- Walsh c. 1970
- Born: September 21, 1895 Washington, D. C.
- Died: December 6, 1973 (aged 78) College Park, Maryland
- Education: Harvard University
- Known for: Walsh function Walsh code Walsh matrix Walsh–Lebesgue theorem
- Scientific career
- Fields: Mathematics
- Workplaces: Harvard University
- Doctoral advisor: Maxime Bôcher George David Birkhoff
- Doctoral students: Joseph Leo Doob Orin J. Farrell Maurice Heins Donald J. Newman Theodore J. Rivlin Edward B. Saff Richard S. Varga

= Joseph L. Walsh =

American mathematician (1895–1973)

Walsh (right) 1932 in Zürich

Joseph Leonard Walsh (September 21, 1895 – December 6, 1973) was an American mathematician who worked mainly in the field of analysis. The Walsh function and the Walsh–Hadamard code are named after him. The Grace–Walsh–Szegő coincidence theorem is important in the study of the location of the zeros of multivariate polynomials.

He became a member of the National Academy of Sciences in 1936 and served 1949–51 as president of the American Mathematical Society. Altogether he published 279 articles (research and others) and seven books, and advised 31 PhD students.

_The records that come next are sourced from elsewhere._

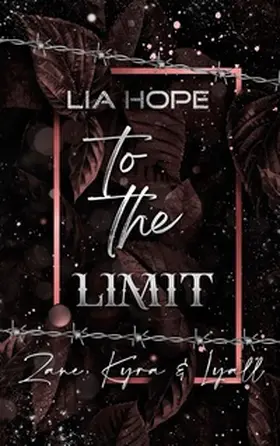 Hope |  To the Limit | Buch |  Sack Fachmedien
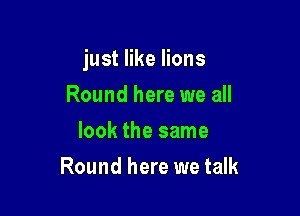 just like lions

Round here we all
look the same
Round here we talk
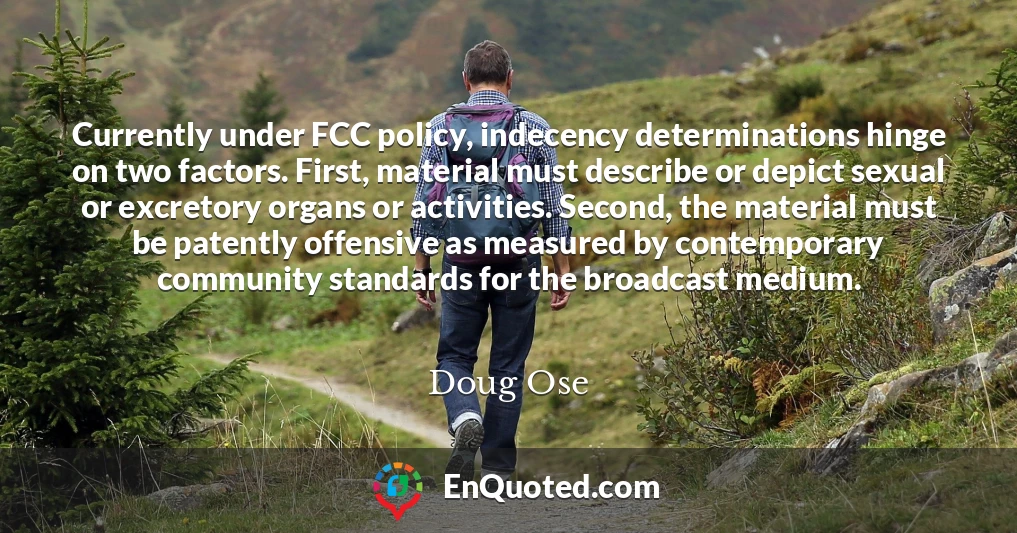 Currently under FCC policy, indecency determinations hinge on two factors. First, material must describe or depict sexual or excretory organs or activities. Second, the material must be patently offensive as measured by contemporary community standards for the broadcast medium.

For most of his professional career he studied and worked at Harvard University. He received a B.S. in 1916 and a PhD in 1920. The Advisor of his PhD was Maxime Bôcher. Walsh started to work as lecturer in Harvard afterwards and became a full professor in 1935. He was an Invited Speaker of the ICM in 1920 at Strasbourg. With two different scholarships he was able to study in Paris under Paul Montel (1920–21) and in Munich under Constantin Carathéodory (1925–26). From 1937 to 1942 he served as chairman of his department at Harvard. During World War II he served as an officer in the US navy and was promoted to captain right after end of the war. After his retirement from Harvard in 1966 he accepted a position at the University of Maryland where he continued to work up to a few months before his death.

==Works==

===Articles===
- Walsh, J. L. (1922). "On the location of the roots of certain types of polynomials"
- Walsh, J. L. (1933). "Notes on the location of the critical points of Green's function"
- with Wladimir Seidel: Seidel, W. (1941). "On approximation by euclidean and non-euclidean translations of an analytic function"
- with T. S. Motzkin: Motzkin, T. S. (1953). "On the derivative of a polynomial and Chebyshev approximation"
- with J. P. Evans: Walsh, J. L. (1956). "On the location of the zeros of certain orthogonal functions"
- with Lawrence Rosenfeld: Walsh, J. L. (1956). "On the boundary behavior of a conformal map"
- Walsh, J. L. (1963). "A generalization of Fejér's principle concerning the zeros of extremal polynomials"
- with J. H. Ahlberg & E. N. Nilson: Ahlberg, J. H. (1964). "Fundamental properties of generalized splines"
- with J. H. Ahlberg & E. N. Nilson: Ahlberg, J. H. (1965). "Convergence properties of generalized splines"
- with J. H. Ahlberg & E. N. Nilson: Ahlberg, J. H. (1967). "Complex cubic splines"

===Books===
- Interpolation and approximation by rational functions in the complex domain, AMS Colloquium Publications 1935, 5th edn. 1969
- The location of critical points of analytic and harmonic functions, AMS Colloquium Publications, vol. 34, 1950
- with John Harold Ahlberg, Edwin Norman Nilson: The theory of splines and their applications, Academic Press 1967, ISBN 0-12-044750-9 Ahlberg, J. H. (2016). "2016 pbk reprint"

== Additional sources ==
- Morris Marden : Joseph L. Walsh in Memoriam. Bulletin of the American Mathematical Society, Volume 81, issue 1, January 1975
- "Bibliography of Joseph Leonard Walsh" (1972)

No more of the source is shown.